Democratic candidates in central New York and the Finger Lakes region formed a new caucus to advocate for issues they believe are important for upstate communities.
Upstate Progressives for Working Americans and Regional Development, known as the UPWARD Caucus, features 10 state legislative candidates. The founding members include Samra Brouk, who is the Democratic nominee in the 55th state Senate District, and Dia Carabajal, a Democratic candidate in the 126th state Assembly District.
The other founding members are Scott Comegys, 130th state Assembly District; Anna Kelles, 125th state Assembly District; Jen Lunsford, 135th state Assembly District; John Mannion, 50th state Senate District; Shauna Marie O'Toole, 54th state Senate District; Matt Miller, 131st state Assembly District; ChaRon Sattler Leblanc, 133rd state Assembly District; and Gail Tosh, 120th state Assembly District.
According to UPWARD's mission statement, the goal of the caucus is to "commit to serve our rural communities, towns and cities to promote health care, education and environmental stewardship for the Finger Lakes region and vigorously advocate for our communities in the state Legislature."

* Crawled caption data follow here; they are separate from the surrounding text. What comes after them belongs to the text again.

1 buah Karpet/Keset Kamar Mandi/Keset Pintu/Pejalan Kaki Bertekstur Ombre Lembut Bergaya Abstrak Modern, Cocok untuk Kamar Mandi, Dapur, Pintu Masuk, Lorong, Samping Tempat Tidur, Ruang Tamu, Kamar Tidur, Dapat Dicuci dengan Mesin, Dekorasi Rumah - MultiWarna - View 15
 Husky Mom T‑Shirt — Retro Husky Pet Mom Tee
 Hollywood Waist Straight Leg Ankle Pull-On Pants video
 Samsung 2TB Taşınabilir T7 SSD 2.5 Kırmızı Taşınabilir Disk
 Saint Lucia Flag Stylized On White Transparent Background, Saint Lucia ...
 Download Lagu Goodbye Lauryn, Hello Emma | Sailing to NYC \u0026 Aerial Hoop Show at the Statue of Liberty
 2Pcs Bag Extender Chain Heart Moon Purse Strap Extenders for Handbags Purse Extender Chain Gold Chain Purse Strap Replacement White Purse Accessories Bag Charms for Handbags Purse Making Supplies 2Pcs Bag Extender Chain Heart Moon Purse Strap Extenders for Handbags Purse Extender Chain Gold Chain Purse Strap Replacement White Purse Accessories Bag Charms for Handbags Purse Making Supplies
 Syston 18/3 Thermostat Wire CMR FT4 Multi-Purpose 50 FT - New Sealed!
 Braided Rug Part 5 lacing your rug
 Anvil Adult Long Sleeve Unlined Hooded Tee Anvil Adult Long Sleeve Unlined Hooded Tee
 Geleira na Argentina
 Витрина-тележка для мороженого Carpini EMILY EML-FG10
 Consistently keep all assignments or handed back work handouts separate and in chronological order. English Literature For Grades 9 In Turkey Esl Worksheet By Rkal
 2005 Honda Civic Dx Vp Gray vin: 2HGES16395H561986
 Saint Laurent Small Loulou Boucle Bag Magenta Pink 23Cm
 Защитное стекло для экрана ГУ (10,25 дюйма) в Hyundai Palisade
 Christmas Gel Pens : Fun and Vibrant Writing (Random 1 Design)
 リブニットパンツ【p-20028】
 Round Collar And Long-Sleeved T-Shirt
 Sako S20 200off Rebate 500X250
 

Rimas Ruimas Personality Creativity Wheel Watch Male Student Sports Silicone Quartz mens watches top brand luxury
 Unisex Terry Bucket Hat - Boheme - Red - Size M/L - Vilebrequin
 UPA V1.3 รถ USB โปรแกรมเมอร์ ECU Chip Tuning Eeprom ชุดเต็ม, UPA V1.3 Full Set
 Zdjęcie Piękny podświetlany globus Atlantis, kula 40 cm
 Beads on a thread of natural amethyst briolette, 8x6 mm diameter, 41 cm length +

Brouk, who is running in a district that includes parts of Monroe and Ontario counties, noted that her grandparents and extended family have been residents of Ontario County for more than 80 years. She is hoping to flip a seat that's been held by Republicans, most recently retiring state Sen. Rich Funke.
"I will fight for the resources we need to protect our natural resources, to strengthen our schools, to provide economic opportunities for working families and to secure equitable access to health care," Brouk said.
Many of the districts the Democratic candidates are seeking to represent are demographically diverse. The 50th and 54th state Senate districts include several rural towns, suburban areas and cities. Both districts include portions of Auburn in Cayuga County.
Nearly all of the districts share a common trait: The representatives are in the minority. The districts are represented by Republicans, who are in the minority in the state Assembly and Senate.
Comegys, an alpaca farmer in Wayne County, said the new caucus will encourage Democrats to collaborate and raise the region's concerns in state government.
"We pledge to work together as a part of the majority to ensure our region is better included in decisions that impact us," he said.